Those servers probably couldn’t handle this game though, because this is WoW classic, not the 1.12 client, which is completely different.
It’s not a money issue, it’s an issue of how the millions upon millions of lines of code are structured to optimize and accomodate for other things than large scale pvp, because classic is based on the legion client.
This was not the reason I was given in a ticket, in the ticket they stated it was ISP exchanges just before reaching blizzard that get flooded with traffic in large scale PvP battles and we get packet loss. The same issue happens in retail in the battle for nazjatar.
Not sure how to resolve but they need to make a plan.
If you say so, it must be true. Also, maybe, just hinting the problem can be caused by using virtual machines, because it’s cheaper, which is also, you know, a money issue.
Can’t really do that though, they want to have things like battle.net integration, layering, color blind mode, etc., not to mention all the bugs and exploitable code they’ve fixed since using that client, and all the optimization.
Because catering to the 0.0000001% of the pop that is color blind is more important than having a working product. Also color blind is litteraly just a client side shader, so a trivial issue to implement. High pop was fixed in another way on nost servers. Battlenet integration is a joke. Oh and classic wow has had more bugs and dupes that nost core currently has
The one point i will admit classic does better is dynamic memory writing, which makes injection bots almost impossible to work, but cheaters just use color bots now so its w/e
It is always a money issue one way or the other. Either they need to spend money on hardware or they need to spend money hiring competent personnel… or both. What you are trying to do is pretend that this is somehow completely impossible to solve. If that is the case then Blizzard should admit it and advice players to look elsewhere for an MMO to play.

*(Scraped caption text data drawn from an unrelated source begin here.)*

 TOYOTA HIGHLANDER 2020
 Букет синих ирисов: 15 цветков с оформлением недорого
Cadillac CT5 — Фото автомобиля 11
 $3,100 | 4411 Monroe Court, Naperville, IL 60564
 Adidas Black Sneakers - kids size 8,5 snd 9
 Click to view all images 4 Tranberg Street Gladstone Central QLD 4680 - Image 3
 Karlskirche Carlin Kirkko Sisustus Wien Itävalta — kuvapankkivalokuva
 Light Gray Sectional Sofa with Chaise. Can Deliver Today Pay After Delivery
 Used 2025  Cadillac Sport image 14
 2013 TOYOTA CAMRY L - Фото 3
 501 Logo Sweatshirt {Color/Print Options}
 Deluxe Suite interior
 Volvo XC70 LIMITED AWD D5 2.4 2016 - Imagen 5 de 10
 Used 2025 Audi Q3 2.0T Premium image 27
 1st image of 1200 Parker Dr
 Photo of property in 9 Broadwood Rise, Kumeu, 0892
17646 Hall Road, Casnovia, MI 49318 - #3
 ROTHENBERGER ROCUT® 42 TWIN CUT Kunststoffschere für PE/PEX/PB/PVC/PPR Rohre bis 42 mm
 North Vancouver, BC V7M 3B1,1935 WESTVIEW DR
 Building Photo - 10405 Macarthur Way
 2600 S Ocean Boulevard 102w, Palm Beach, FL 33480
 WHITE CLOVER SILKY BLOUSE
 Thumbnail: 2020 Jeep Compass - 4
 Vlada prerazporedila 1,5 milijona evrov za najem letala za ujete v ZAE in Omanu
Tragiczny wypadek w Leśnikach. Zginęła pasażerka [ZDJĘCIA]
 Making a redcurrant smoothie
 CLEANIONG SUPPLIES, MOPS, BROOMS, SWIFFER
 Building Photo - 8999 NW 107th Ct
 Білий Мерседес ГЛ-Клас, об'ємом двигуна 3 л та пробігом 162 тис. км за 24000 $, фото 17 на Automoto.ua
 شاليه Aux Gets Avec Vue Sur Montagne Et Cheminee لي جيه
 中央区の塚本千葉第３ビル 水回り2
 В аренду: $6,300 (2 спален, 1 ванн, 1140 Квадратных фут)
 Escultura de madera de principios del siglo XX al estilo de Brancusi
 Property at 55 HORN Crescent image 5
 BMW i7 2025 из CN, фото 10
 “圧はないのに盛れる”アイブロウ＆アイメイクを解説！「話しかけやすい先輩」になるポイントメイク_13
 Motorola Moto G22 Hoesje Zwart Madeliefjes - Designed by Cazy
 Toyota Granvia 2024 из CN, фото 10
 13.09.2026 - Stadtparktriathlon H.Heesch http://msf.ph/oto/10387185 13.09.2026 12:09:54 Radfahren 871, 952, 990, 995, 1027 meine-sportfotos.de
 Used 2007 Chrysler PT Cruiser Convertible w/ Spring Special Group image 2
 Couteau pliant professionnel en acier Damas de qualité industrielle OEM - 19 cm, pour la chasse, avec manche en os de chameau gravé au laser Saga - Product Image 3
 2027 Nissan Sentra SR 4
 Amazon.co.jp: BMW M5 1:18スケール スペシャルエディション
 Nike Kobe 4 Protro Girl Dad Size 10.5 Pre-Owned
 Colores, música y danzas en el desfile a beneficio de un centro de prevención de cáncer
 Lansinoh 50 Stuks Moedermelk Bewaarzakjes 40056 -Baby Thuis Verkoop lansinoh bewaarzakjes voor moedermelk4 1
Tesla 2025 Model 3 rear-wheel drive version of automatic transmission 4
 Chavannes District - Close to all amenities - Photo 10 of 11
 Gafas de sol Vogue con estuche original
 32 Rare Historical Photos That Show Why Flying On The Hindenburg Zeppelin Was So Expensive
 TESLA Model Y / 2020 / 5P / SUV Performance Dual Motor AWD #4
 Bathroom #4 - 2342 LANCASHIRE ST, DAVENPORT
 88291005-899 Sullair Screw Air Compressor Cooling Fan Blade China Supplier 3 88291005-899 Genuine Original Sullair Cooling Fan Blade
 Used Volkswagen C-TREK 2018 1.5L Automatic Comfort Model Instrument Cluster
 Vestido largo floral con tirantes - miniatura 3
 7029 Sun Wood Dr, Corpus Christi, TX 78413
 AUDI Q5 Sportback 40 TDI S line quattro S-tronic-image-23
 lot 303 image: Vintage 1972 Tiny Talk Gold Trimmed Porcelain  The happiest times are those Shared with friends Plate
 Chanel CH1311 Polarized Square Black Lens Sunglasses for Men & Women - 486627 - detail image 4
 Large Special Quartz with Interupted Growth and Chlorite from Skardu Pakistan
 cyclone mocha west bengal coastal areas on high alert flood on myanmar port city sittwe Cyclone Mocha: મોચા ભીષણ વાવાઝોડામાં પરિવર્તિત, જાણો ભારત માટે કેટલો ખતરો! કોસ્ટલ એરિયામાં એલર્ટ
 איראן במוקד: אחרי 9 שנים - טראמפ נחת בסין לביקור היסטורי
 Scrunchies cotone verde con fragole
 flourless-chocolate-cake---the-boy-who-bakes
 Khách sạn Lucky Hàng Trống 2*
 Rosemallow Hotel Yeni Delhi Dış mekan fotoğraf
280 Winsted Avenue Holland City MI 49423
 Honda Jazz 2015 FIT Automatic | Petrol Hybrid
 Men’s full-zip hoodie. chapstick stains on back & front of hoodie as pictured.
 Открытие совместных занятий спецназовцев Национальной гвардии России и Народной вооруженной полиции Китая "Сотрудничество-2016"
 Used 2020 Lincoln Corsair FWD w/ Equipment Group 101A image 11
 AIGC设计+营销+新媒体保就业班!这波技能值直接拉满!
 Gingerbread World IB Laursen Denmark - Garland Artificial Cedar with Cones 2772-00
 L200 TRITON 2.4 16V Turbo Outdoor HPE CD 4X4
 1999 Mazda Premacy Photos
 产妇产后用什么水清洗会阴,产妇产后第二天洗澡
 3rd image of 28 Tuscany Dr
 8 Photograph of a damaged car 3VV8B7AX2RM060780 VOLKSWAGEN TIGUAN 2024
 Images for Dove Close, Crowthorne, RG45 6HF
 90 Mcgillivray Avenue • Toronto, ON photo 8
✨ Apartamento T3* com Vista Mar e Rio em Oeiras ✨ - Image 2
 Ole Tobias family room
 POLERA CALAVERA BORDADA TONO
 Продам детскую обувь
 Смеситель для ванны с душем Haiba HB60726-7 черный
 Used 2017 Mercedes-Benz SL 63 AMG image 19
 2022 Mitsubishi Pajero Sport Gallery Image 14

They could probably do what people are asking for, but they’d likely have to delay the release until 2021 or 2022, and I’m guessing most people prefer what we have to that.
Every wonder why some old games don’t work on Windows10?
If your base which is battle.net, layers, server specs amongst other aspects aren’t compatible with your client (in this case Nost’s vanilla) then you reverse engineer the client that does, aka Legion. The issue is you pick up that clients issues, the upside is you don’t spend a few years creating a whole new client.